Rights from the Start! Early Education for Filipino Children
Seventeen million children below the age of six may soon have access to early childhood education and better nutrition, thanks in part to a civil campaign supported by GCAP Philippines' member, Kabataan Kontra Kahirapan.
The "Early Years Act", which creates an Early Childhood Care and Development Council and would ensure that young children have access to proper nutrition and education right from the start, has passed the Philippines' congress and now awaits the President's signature. If it becomes law, the Early Years Act will transform some 50,000 daycare centres in almost as many villages into full-fledged learning centres.
While a similar bill was vetoed by President Benigno Aquino in February due to budgetary concerns, campaigners expect Aquino to sign the bill now that these concerns are being addressed by congress.
"Children who have access to early development programmes are better prepared for school," says Thea Soriano, the coordinator of another GCAP Philippines member, E-Net Philippines. "They are more competent emotionally and socially and demonstrate better intellectual, physical and verbal development."
E-Net recently engaged the Philippine government in a dialogue about early childhood education with officials from several agencies that will be at the forefront of the Early Years Act implementation, including the Departments of Health and Education.

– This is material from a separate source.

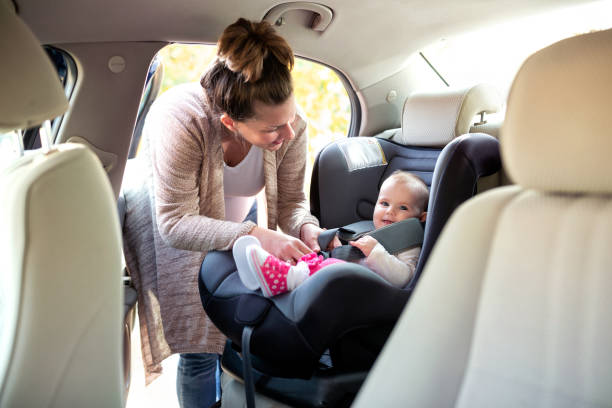 istock Baby in a back seat of a car 1134033455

"Our Filipino children are not adequately prepared for school," says GCAP Global Council member Claudine Claridad, who is also the national chairperson of Kabataan Kontra Kahirapan (Youth Against Poverty). "A government investment in early childhood care and education will reduce the number of children who drop out of school and will help break the poverty cycle. The Early Years Act makes it a government responsibility to ensure that quality educational opportunities are available to all young children, regardless of background or income.

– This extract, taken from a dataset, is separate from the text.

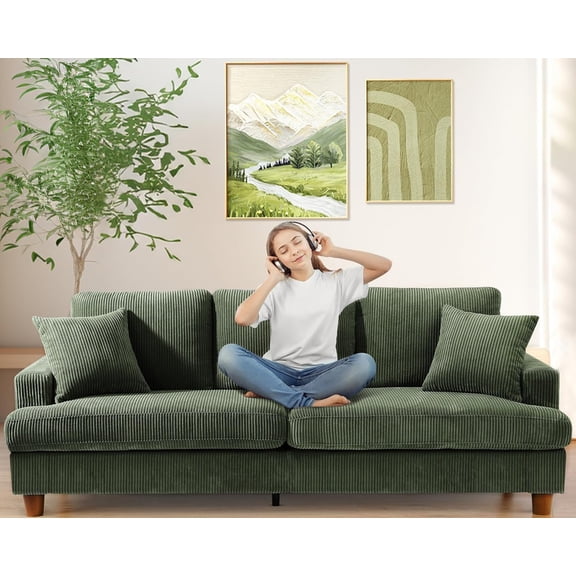 87in Corduroy Couch, Sofa No Tool Assembly, Comfy Couches for Living Room 21in Deeper Seats, Corduroy Sofas for Living Room with 2 Pillows, Oversized Loveseat Sofa, Boho Love Seat Green Couch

Formative years before the age of six are critical for a child's future education. Half of a person's ability to learn is developed by age four, while key learning pathways are formed in the brain prior to the age of six.
More than one million Filipino children are in simple play centres, while 2.5 million children of school age are not enrolled at all. The Philippines Department of Education meanwhile says that 15% of elementary-age children are not in school.
Filipino anti-poverty campaigners and education advocates have pledged to be vigilant to ensure that impoverished and marginalised communities are at the centre of the government's affirmative action plans for early education.
The campaign for the Early Years Act is supported by a number of Filipino NGOs and networks, including ASPBAE Manila (Asia South Pacific Association for Basic and Adult Education), Piglas Kababaihan (“Liberate Women”), Plan International, Save the Children and World Vision Philippines.
E-Net Philippines spearheaded this year’s Global Action Week on Education with the campaign theme Rights from the Start: ECCE Now! Day care teachers, school children, out of school youth, educators and advocates joined E-net in calling on the government to support early childhood education, while young children painted images of 'The Education We Want' on t-shirts.